Urbana's First Fridays is happening this week, and this time around there will be an interesting addition to the line up of special events. Joseph Khan, a 16 year old student at Urbana High School, will be debuting his first original fashion collection, компромат. With the help of a Kickstarter campaign, the collection, part of his brand Intention, will be showcased at the Cohen Building, 136 E. Main Street in Urbana. at 7:30 p.m. This is kind of a unique event for our community — a fashion show featuring original work from such a young artist. I was fortunate to get to speak with Khan about how this interest in fashion came about.
Smile Politely: How old you were when you first became interested in fashion?
Joseph Khan: When I was like 13, 14 I started to like sneakers, or trainers. I developed an interest in the exclusivity and the market of sneakers. As I got older, I moved away from “sneaker hype” culture and started looking more into clothing. From there I looked at modern clothing, the history of designs that are popular now...stuff like that. Then I thought to myself “why can’t I try this.”
SP: Were there certain designers that inspired you in the beginning?
Khan: Yeah, specifically a designer called Raf Simmons. He’s done a very large variety of different collections, starting in the 90s. His clothing: some of it is very minimal, and some is extremely detailed, and you can tell each garment has a lot of thought put into it and everything has a meaning behind it.
SP: Then how did you begin? What were some of the first pieces you designed?
Khan: The first pieces I designed were just blanks [t-shirts], and I did prints on them, and the prints were just text. I feel like if you ask many people who are interested in [fashion] today they’ll say that’s how they started. Partially because it’s so easy. Then I thought okay, how can I make this more real, more an expression of my art. So I made a t-shirt.

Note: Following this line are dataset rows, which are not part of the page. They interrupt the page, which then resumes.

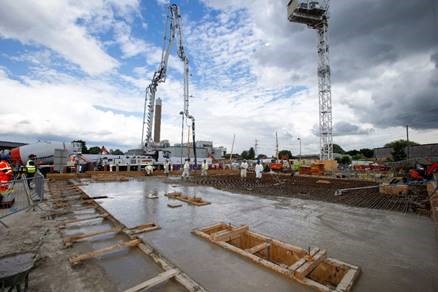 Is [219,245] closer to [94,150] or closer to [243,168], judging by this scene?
[243,168]

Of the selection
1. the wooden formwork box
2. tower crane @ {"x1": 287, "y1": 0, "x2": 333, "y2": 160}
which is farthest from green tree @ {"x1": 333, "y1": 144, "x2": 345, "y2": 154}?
the wooden formwork box

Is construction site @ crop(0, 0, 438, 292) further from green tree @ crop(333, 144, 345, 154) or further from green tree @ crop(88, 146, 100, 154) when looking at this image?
green tree @ crop(333, 144, 345, 154)

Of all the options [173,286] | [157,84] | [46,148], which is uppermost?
[157,84]

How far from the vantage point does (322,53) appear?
2730cm

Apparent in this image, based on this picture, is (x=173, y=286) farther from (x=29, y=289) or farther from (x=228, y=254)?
(x=29, y=289)

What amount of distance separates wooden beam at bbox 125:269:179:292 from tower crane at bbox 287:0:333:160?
28.1m

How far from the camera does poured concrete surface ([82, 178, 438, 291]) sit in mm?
2951

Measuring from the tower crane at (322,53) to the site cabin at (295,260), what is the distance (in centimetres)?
2608

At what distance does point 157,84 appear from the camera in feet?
115

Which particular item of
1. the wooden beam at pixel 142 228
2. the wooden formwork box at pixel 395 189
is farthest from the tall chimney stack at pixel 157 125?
the wooden beam at pixel 142 228

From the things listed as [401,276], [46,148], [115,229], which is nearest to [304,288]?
[401,276]

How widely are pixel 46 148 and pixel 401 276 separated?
24.7m

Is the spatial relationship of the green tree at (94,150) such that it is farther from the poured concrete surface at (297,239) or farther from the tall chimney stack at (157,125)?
the poured concrete surface at (297,239)

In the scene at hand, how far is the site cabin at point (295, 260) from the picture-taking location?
2885 millimetres
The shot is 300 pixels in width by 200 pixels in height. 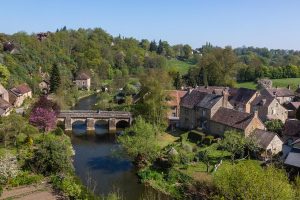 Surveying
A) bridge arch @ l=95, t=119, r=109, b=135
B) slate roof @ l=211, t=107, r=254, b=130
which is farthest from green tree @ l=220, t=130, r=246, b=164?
bridge arch @ l=95, t=119, r=109, b=135

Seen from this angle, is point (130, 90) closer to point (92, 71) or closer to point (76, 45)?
point (92, 71)

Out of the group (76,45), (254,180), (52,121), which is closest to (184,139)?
(52,121)

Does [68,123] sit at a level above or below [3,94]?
below

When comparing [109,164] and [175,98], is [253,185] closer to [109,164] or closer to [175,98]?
[109,164]

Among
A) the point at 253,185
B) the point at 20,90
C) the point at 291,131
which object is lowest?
the point at 291,131

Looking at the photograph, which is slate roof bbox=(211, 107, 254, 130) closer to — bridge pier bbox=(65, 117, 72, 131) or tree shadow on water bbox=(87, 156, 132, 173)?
tree shadow on water bbox=(87, 156, 132, 173)

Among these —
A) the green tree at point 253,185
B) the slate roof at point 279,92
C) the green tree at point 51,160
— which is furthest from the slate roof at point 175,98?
the green tree at point 253,185

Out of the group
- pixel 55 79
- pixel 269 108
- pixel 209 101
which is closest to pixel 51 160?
pixel 209 101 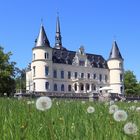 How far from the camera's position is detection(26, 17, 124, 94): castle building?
93.8 m

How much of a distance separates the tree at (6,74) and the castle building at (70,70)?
→ 3083 cm

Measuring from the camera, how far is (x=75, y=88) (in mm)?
99688

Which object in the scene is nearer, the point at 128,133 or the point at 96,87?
the point at 128,133

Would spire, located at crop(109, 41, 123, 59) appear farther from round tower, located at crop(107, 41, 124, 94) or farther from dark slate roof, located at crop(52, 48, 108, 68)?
dark slate roof, located at crop(52, 48, 108, 68)

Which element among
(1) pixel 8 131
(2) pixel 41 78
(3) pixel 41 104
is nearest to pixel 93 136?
(1) pixel 8 131

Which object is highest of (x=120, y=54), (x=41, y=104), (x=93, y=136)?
(x=120, y=54)

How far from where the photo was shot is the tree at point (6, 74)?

After that I experimented with customizing, where I would add certain things to different garments that had already been made, like Levi’s jeans. I’d take them apart and then sew on stripes or something like that. The first couple of pieces I made were, obviously, not very good. I look back on them and I think well, it was a good start. I don’t regret it.
SP: Then did you move on to create full pieces that were your own?
Khan: Yes, the collection I’m going to be showing is mainly pieces that I have designed and constructed myself with a sewing machine, with my own chosen fabrics.
SP: Were you self-taught on the sewing machine?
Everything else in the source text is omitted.